THE INDIAN WARS

The development was in the beginning different in the areas where the English settled and the areas where the French operated. Most of the English settlers didīnt care much about the Native people living in the areas. The French were more interested in the fur trade. This assumed cooperation with the indians. French "voyageurs" came in canoes on the rivers down from Canada, and so France came to control the inland. The Voyageurs had good relations with their suppliers and often got married to an indian woman.
The Catholic Church also made their mission among the indians. During the colonial contest between the English and the French in the 1700s, the indians often supported the French. The seven years of war between 1756-63 is often called "the war against the French and the indians". The Frenchmens defeat opened the way westward to the Englishmen, and from that time the real Indian wars started.

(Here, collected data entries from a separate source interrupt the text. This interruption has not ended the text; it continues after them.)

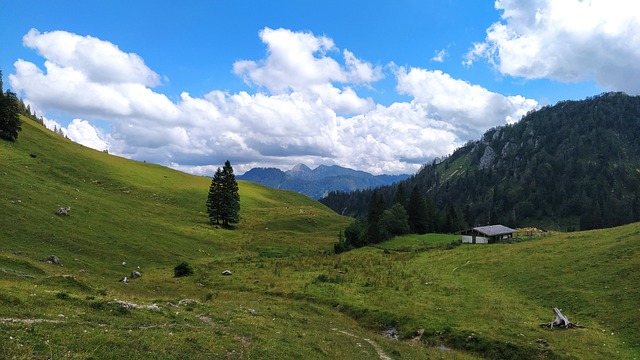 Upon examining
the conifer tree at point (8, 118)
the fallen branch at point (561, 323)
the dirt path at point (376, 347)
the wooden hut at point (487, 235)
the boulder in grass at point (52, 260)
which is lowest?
the dirt path at point (376, 347)

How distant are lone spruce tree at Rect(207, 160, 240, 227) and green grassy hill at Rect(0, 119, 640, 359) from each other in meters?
16.3

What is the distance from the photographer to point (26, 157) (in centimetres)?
8938

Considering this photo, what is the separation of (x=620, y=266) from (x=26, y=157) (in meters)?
116

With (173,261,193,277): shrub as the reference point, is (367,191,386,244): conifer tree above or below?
above

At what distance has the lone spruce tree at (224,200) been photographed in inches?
3942

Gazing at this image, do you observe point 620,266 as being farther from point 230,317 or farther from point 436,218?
point 436,218

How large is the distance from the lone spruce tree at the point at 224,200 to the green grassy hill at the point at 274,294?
641 inches

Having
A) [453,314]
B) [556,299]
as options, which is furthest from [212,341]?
[556,299]

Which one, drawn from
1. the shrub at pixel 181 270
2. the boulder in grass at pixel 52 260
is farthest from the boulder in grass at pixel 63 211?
the shrub at pixel 181 270

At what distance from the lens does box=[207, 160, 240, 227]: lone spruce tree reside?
100125mm

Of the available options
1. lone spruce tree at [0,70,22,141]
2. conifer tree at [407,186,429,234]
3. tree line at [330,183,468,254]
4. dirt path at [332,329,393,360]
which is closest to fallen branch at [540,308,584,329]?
dirt path at [332,329,393,360]

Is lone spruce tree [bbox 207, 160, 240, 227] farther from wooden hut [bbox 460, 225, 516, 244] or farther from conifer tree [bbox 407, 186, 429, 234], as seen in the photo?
wooden hut [bbox 460, 225, 516, 244]

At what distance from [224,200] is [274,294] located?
203 feet

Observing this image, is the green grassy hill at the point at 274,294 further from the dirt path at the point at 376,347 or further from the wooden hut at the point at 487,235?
the wooden hut at the point at 487,235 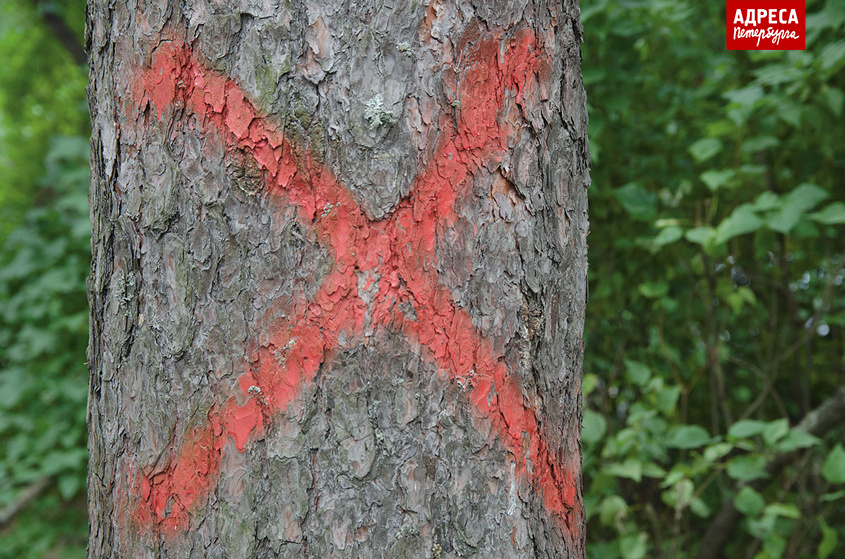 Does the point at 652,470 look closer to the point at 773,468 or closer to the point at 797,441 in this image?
the point at 797,441

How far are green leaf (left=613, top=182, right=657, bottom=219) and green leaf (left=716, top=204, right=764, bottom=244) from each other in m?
0.26

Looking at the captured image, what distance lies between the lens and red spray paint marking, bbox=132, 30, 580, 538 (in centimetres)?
72

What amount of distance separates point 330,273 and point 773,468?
195 centimetres

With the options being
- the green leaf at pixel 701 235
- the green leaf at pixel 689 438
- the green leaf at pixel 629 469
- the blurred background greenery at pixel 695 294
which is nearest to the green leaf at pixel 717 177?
the blurred background greenery at pixel 695 294

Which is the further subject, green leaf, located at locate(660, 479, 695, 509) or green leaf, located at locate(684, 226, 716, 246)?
green leaf, located at locate(660, 479, 695, 509)

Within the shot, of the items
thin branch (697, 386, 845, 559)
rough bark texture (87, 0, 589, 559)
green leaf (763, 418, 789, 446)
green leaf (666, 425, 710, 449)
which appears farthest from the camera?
thin branch (697, 386, 845, 559)

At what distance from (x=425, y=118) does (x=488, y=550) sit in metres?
0.51

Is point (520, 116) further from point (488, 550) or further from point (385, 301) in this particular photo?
point (488, 550)

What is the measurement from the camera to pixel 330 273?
0.71 m

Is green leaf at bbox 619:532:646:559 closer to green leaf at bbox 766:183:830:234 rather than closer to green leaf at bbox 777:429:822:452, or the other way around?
green leaf at bbox 777:429:822:452

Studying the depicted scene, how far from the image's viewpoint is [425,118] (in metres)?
0.72

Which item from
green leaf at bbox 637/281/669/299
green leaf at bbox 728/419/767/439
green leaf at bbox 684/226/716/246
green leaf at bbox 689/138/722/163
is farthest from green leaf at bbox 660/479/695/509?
green leaf at bbox 689/138/722/163

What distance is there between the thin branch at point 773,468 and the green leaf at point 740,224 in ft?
2.36

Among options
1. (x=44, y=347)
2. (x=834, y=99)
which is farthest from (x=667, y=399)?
(x=44, y=347) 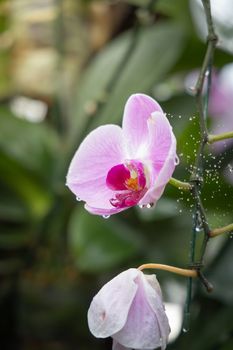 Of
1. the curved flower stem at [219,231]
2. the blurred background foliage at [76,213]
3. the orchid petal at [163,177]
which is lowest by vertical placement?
the blurred background foliage at [76,213]

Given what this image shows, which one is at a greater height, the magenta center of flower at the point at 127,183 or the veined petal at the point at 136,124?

The Indians who lived in the woods up in the northeast died as much from new contagious diseases and from loosing their land, as from wars. Among them who made great resistance were the Iroquois. Some attempts were made to create larger tribe associations in the fights against the white settlers, for ex. the Ottawa chief Pontiac (dead 1769), the Shawnee chief Tecumseh (dead 1813) and the Sioux leader Sitting Bull (dead 1890), but without lasting success.

From the woods the settlers pushed their way out on the plains. One of several important military Forts was Fort Laramie, founded in 1834. The Indians desperat attempts to stop the movements ended in among others "the Minnesota massacre" in 1862, a massacre on white settlers.

Only between 1869-76 there were more than 200 conflicts between indians and the United states army. The Plains Indians who had horses were bold and could win isolated victories, as when Sitting Bull and Crazy Horse massacred General Custers troops totally in the battle of Little Big Horn 1876. But every victory lead to a more intense warfare from the whites. The Apache chief Geronimos capitulation in 1886, the murder of Sitting Bull in 1890 and the Massacre at Wounded Knee in the same year marks the indians final defeate. They who survived were put on Reservations, areas that the whites found worthless.
In the background, there has been wars with the indians also in Latin America, mostly in the 1800s, but even in modern times for example in Guatemala. More or less privat wars are lead against indians in the Amazonas and no governement seems to intervene. The intentional and consistent extermination of indians in Argentina in the 1800s stands as one of the most brutal genocide in the world.